Tips for Better A/B Split Tests
As an email marketing vendor, we see a lot of email marketing best practices being used…and plenty more neglected due to lack of understanding.
The A/B split test may help optimize your email marketing campaigns, but is often an email best practice misunderstood by email marketers, so here’s a little refresher on how, why and when to do it…
An A/B split test, is comprised of 2 (or more) versions of an email where one thing is done differently. It could be the From name, subject line, headline, or an image. It might be the time of day or day of the week that you send. It might be the email design, the call to action, or the copy. (Just be sure to test only one element at a time, otherwise you won’t know what element was the one that worked better!)
In order to find out what works better in your email marketing program, you compare A to B by sending to portion of your audience (usually between 10% and 20%). Whichever performs better is the one to send to your remaining subscribers.
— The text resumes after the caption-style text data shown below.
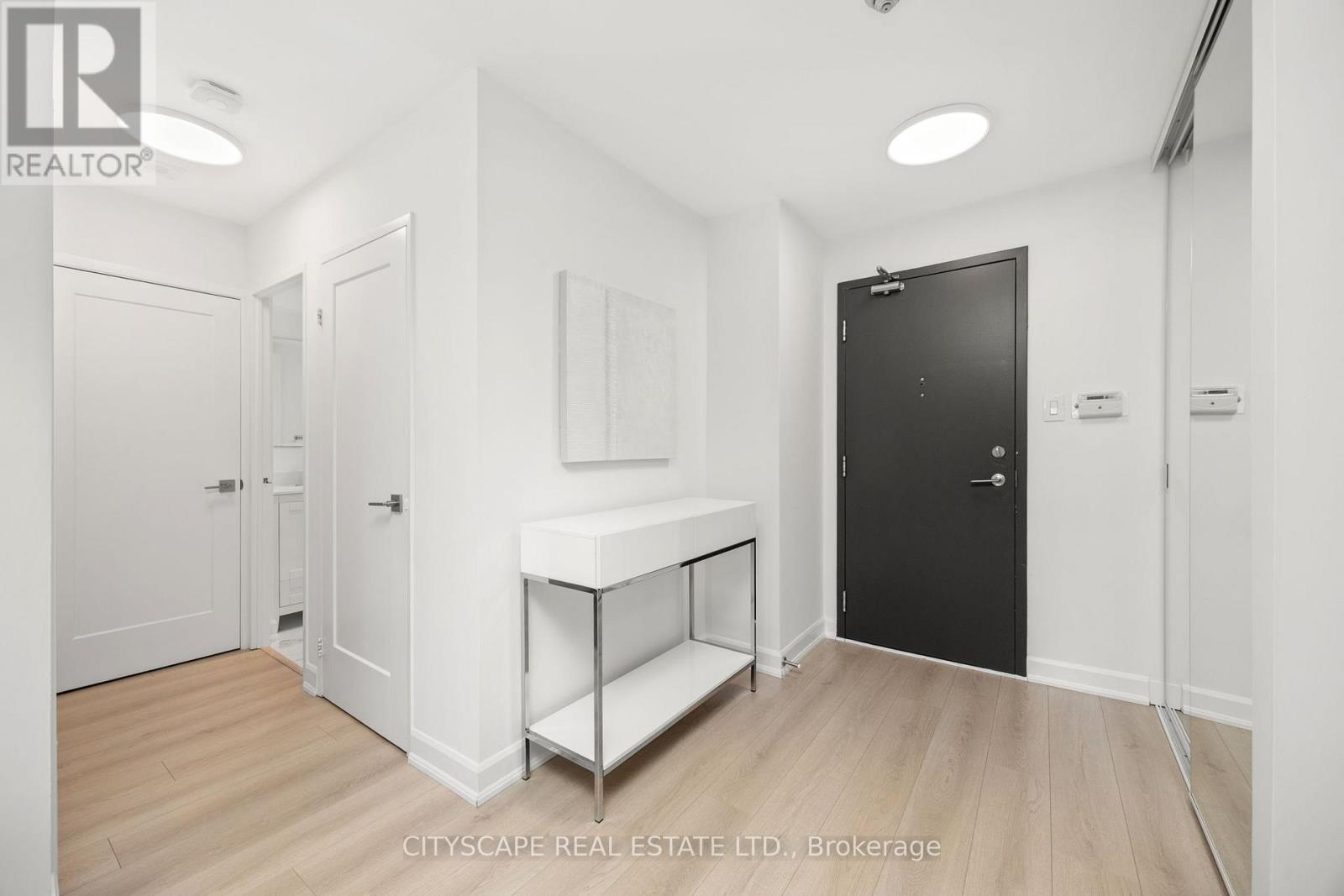 209 - 7460 Bathurst Street, Vaughan, Ontario  L4J 7K9 - Photo 3 - N12493052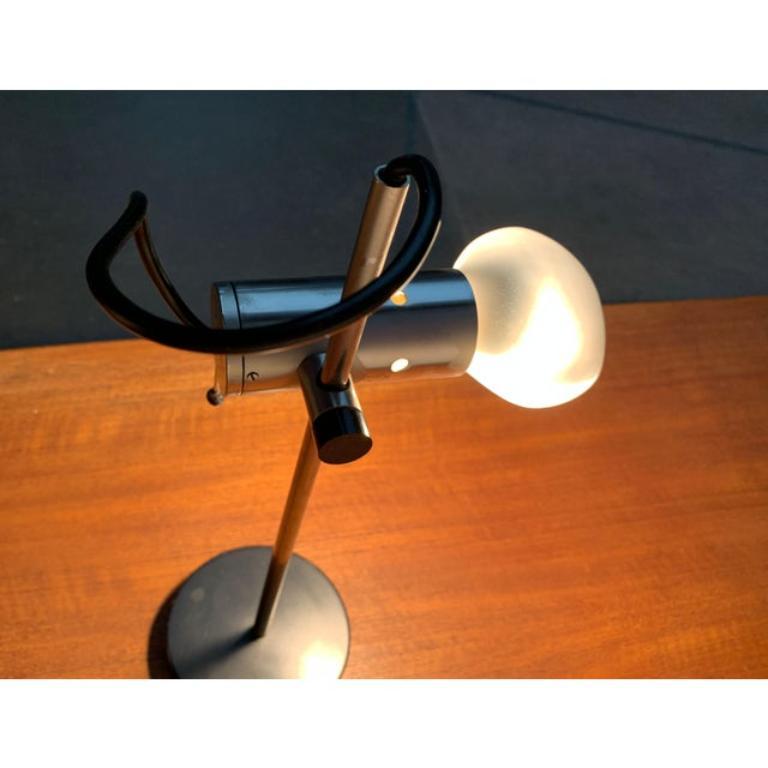 Lámpara de mesa italiana de mediados de siglo Model 251 de Tito Agnoli para Oluce, años 50 siglo XX en venta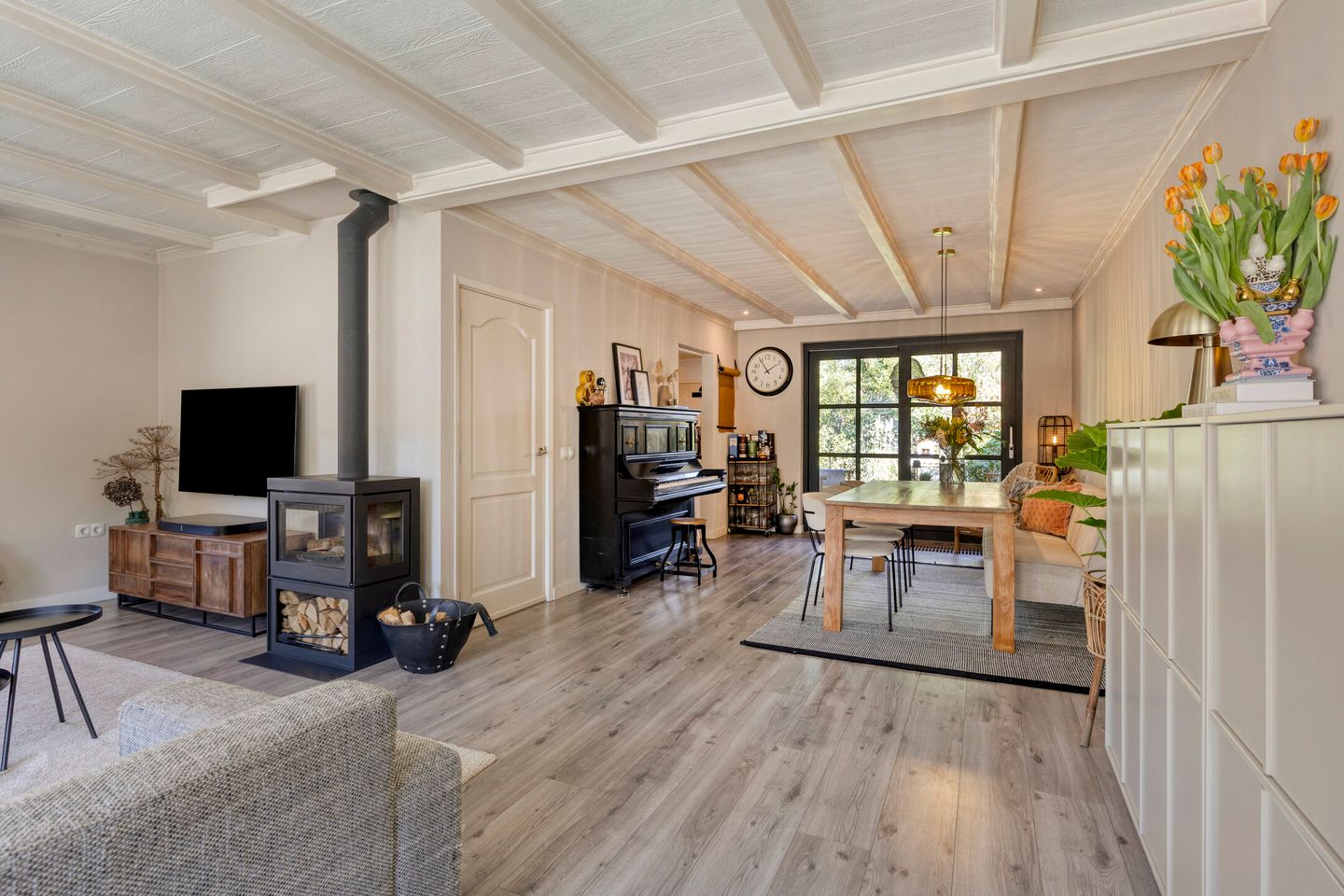 Foto 5 van Den Heuvel 14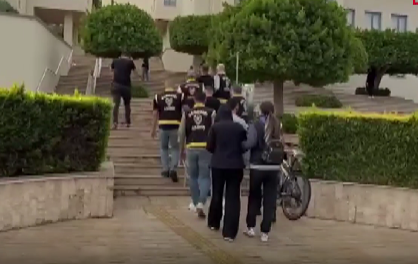 Muğla’da plakasız bir motosikletle olay yerine gelen, kask ve koruyucu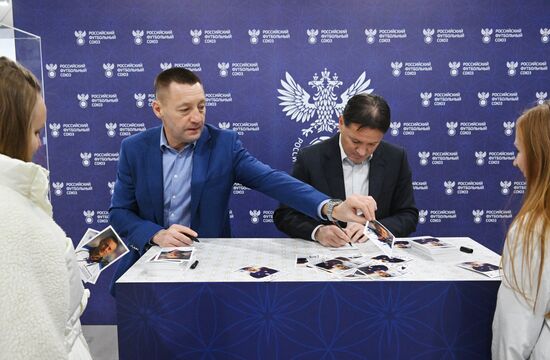 RUSSIA EXPO. Autograph show with RFU ambassadors Dmitry Alenichev and Andrei Tikhonov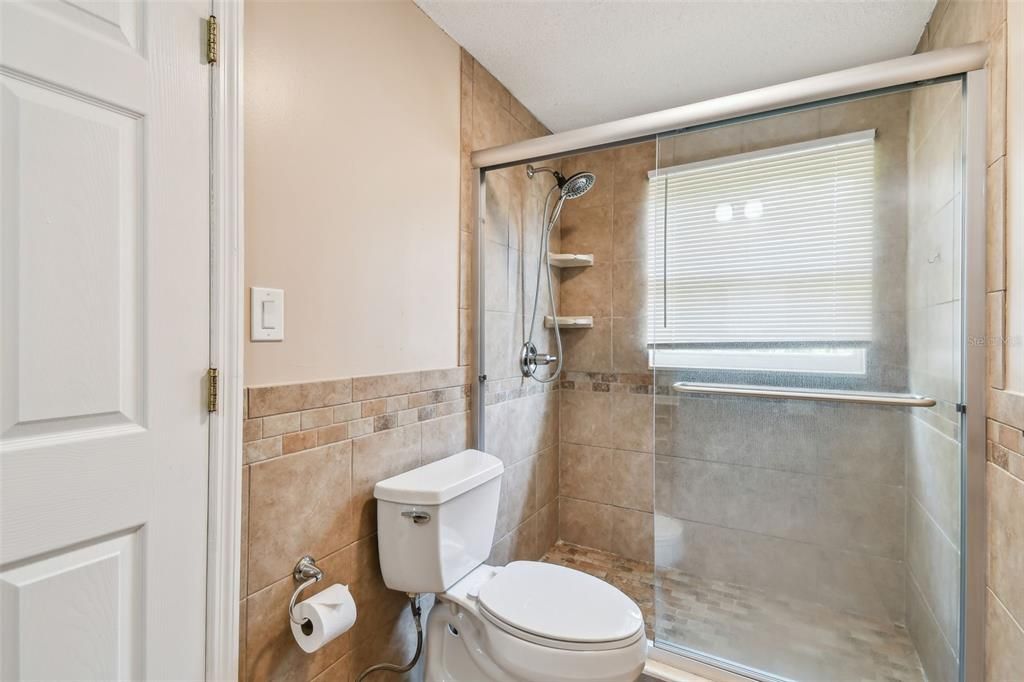 出租: $5,200 (4 贝兹, 5 浴室, 4440 平方英尺)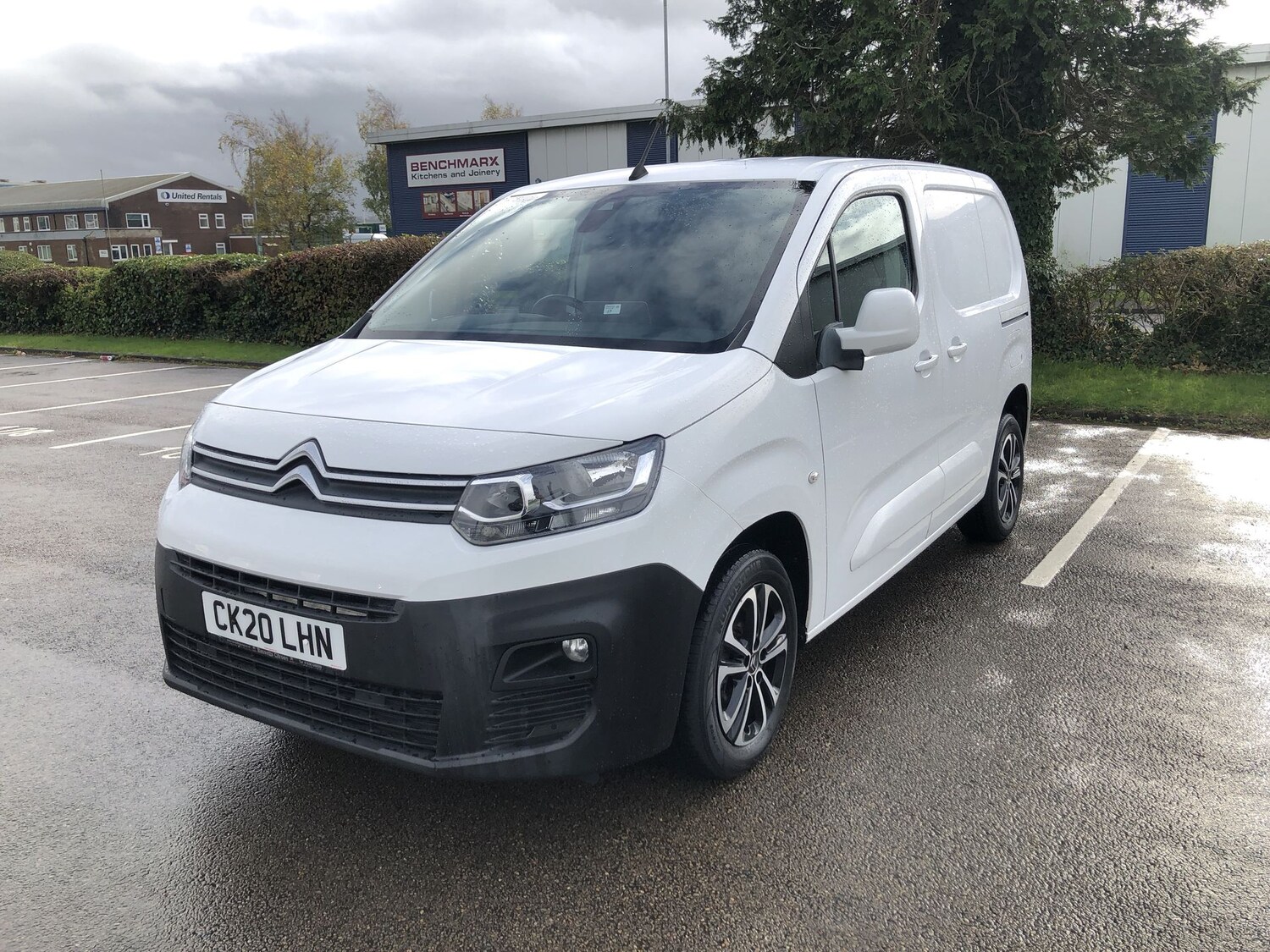 Used Citroen Berlingo 2020 for sale - 76444299: Photo 3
This is where we’ve seen some confusion on the part of marketers. They plan to do what I call an A/B/C test, comparing three (or more!) versions of an email. But then run out of time and instead of sending the different versions of the emails to only the small portion of their total list, they send out the versions to the whole list: A to one third, B to one third and C to the remaining third.
They might learn that one version performs better than the other, but guess what? They can’t use that information! They might learn that version C performs 300% better than the other two, but this knowledge does them no good because they can’t resend. And this knowledge could not only mean a loss in interest for some subscribers, but a loss in sales!
So what happens here? Lack of time. It’s important to note that these marketers are well intentioned and on the right track. Testing is a crucial part of any email marketing program. But by the time they’ve determined the test emails, a deadline is fast approaching and the time-sensitive emails simply cannot wait. They must be sent. So all are sent. And knowledge gained is useless knowledge. They’ll only learn something they can’t use on that campaign.
As with anything email, it is better to do it right and do it well.